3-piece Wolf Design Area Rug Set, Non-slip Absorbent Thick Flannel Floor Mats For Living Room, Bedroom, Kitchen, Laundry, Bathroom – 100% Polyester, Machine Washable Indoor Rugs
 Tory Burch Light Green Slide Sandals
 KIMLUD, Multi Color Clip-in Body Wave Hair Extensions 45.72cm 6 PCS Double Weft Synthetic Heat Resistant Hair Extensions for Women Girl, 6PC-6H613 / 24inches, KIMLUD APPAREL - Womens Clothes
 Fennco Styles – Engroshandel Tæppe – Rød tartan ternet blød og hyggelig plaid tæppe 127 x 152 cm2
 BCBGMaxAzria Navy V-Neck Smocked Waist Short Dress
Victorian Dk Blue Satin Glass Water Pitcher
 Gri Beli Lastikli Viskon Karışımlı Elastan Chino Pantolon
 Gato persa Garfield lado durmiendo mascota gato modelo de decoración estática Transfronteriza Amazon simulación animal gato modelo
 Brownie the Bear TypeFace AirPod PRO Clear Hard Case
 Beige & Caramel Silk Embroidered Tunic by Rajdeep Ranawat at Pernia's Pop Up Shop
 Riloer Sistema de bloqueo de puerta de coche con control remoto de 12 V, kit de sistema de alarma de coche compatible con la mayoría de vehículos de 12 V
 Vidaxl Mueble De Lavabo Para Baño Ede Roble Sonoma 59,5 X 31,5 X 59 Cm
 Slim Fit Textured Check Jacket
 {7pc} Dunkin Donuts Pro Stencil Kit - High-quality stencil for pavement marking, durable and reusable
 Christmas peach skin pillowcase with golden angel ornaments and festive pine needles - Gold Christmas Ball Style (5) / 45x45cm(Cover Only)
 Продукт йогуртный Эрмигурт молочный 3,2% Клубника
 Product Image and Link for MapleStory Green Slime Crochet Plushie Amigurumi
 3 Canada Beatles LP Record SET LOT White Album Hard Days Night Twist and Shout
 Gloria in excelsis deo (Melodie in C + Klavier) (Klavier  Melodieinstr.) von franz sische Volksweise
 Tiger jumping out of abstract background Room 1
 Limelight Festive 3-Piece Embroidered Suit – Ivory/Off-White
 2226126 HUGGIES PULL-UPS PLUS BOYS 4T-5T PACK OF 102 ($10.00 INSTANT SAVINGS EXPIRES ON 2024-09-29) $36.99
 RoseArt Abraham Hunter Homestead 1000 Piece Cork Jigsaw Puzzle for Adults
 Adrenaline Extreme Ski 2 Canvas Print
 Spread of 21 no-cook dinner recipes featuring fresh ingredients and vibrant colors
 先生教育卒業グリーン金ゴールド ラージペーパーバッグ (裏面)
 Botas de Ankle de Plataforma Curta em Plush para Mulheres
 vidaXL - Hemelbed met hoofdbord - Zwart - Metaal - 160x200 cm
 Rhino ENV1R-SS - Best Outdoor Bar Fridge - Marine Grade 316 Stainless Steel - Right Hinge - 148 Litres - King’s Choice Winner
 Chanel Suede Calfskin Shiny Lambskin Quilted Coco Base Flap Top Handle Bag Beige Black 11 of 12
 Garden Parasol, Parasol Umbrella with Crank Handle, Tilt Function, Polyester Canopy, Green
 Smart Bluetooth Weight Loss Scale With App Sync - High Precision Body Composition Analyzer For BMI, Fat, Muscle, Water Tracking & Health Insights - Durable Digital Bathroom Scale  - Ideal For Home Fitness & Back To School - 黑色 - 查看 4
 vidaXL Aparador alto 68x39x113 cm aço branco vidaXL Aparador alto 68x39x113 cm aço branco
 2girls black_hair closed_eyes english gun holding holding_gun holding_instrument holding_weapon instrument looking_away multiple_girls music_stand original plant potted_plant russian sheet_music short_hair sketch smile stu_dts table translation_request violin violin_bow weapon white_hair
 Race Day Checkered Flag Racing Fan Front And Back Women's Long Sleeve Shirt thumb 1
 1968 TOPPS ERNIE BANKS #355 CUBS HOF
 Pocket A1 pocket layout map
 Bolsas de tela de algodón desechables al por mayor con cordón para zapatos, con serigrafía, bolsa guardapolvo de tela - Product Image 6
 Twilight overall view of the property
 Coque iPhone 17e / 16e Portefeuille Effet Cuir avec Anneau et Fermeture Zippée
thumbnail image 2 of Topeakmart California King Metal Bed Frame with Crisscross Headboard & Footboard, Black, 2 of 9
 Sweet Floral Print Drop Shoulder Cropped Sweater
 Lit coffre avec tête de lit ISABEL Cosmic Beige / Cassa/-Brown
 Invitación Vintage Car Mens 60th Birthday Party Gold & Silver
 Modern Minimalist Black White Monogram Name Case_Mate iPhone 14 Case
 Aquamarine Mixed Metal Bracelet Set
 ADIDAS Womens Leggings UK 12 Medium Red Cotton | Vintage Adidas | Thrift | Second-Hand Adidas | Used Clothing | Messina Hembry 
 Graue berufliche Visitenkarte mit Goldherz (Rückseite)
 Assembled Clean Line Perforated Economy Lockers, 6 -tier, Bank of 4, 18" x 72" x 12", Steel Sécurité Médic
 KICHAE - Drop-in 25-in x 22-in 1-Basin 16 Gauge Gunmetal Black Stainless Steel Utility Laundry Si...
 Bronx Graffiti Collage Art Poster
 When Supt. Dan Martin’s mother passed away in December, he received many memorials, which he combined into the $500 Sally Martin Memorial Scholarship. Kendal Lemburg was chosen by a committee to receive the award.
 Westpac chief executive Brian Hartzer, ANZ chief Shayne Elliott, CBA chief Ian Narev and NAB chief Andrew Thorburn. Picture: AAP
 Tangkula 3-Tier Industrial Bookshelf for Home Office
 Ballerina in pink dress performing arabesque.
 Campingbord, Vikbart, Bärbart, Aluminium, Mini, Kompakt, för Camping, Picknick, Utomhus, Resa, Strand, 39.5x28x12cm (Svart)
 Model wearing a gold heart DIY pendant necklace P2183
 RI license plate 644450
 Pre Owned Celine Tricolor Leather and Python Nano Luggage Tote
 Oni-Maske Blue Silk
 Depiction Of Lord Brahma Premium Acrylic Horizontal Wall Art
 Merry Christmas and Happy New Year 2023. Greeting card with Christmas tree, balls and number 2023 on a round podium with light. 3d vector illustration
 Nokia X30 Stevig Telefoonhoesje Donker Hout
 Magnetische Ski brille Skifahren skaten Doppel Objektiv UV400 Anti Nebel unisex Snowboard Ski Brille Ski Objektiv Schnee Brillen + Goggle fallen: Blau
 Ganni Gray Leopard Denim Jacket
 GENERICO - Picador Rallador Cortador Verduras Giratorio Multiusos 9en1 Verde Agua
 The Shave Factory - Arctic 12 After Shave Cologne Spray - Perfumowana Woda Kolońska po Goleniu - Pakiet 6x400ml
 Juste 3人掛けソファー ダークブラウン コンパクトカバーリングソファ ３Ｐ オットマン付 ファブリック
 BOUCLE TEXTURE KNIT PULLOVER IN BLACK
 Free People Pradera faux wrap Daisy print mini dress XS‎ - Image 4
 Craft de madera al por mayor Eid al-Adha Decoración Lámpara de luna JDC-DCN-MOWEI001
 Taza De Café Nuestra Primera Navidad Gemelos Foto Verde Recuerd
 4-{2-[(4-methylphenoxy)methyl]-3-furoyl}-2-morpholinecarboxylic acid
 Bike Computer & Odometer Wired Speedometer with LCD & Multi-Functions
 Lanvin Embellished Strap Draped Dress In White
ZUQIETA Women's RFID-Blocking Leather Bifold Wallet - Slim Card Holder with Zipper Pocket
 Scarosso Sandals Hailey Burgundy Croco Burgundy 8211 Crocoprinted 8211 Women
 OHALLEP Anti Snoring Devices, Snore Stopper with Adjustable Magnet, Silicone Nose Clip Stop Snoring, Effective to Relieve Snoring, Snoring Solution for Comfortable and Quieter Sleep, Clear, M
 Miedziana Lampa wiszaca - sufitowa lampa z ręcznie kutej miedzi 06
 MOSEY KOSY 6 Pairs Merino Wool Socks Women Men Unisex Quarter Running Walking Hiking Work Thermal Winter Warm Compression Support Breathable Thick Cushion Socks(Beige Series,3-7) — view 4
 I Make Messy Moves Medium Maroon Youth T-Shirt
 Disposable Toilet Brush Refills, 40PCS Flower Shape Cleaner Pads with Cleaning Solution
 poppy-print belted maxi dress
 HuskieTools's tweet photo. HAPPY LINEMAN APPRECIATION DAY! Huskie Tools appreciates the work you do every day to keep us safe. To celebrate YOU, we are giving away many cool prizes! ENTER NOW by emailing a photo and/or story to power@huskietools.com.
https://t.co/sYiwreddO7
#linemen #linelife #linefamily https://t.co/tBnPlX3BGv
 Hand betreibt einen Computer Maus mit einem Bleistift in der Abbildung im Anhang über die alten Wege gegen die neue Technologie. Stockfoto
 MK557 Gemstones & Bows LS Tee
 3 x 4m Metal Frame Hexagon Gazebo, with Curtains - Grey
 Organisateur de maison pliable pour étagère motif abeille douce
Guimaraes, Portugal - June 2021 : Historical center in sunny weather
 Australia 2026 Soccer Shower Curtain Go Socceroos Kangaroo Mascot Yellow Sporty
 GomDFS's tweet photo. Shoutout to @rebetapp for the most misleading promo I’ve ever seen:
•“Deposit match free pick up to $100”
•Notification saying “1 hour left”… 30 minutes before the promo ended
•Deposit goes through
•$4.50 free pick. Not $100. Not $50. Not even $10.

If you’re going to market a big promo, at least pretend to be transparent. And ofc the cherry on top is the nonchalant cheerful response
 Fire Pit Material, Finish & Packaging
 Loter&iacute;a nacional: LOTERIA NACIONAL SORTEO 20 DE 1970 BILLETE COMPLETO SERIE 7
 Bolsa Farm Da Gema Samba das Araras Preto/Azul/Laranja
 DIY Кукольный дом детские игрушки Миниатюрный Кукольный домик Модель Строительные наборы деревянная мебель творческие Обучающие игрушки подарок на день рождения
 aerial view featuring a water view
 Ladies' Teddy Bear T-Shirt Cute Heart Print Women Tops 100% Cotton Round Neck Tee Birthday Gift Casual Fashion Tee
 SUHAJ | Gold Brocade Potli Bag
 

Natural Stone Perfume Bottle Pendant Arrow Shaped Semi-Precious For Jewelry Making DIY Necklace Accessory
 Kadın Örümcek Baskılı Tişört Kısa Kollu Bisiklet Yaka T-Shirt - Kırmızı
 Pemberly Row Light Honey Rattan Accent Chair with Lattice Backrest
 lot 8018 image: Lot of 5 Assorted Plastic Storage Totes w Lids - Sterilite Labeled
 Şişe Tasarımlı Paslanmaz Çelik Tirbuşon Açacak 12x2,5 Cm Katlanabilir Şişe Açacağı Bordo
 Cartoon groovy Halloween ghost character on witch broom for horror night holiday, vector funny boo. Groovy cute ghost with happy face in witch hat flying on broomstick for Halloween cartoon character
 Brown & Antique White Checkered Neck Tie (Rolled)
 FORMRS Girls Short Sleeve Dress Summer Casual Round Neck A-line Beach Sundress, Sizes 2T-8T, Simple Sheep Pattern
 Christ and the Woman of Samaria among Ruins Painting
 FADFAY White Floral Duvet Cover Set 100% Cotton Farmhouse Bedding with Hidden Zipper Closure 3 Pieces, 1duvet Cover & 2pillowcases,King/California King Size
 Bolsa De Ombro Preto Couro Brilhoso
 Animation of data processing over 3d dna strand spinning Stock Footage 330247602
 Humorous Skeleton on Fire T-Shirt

● ● ● ●

**TASK GOAL**
Exactly the lines above from the one with "lot 8018 image: Lot" to the one with "Christ and the", both included, are to be quoted; leave the rest out.

**RESPONSE BELOW**
 lot 8018 image: Lot of 5 Assorted Plastic Storage Totes w Lids - Sterilite Labeled
 Şişe Tasarımlı Paslanmaz Çelik Tirbuşon Açacak 12x2,5 Cm Katlanabilir Şişe Açacağı Bordo
 Cartoon groovy Halloween ghost character on witch broom for horror night holiday, vector funny boo. Groovy cute ghost with happy face in witch hat flying on broomstick for Halloween cartoon character
 Brown & Antique White Checkered Neck Tie (Rolled)
 FORMRS Girls Short Sleeve Dress Summer Casual Round Neck A-line Beach Sundress, Sizes 2T-8T, Simple Sheep Pattern
 Christ and the Woman of Samaria among Ruins Painting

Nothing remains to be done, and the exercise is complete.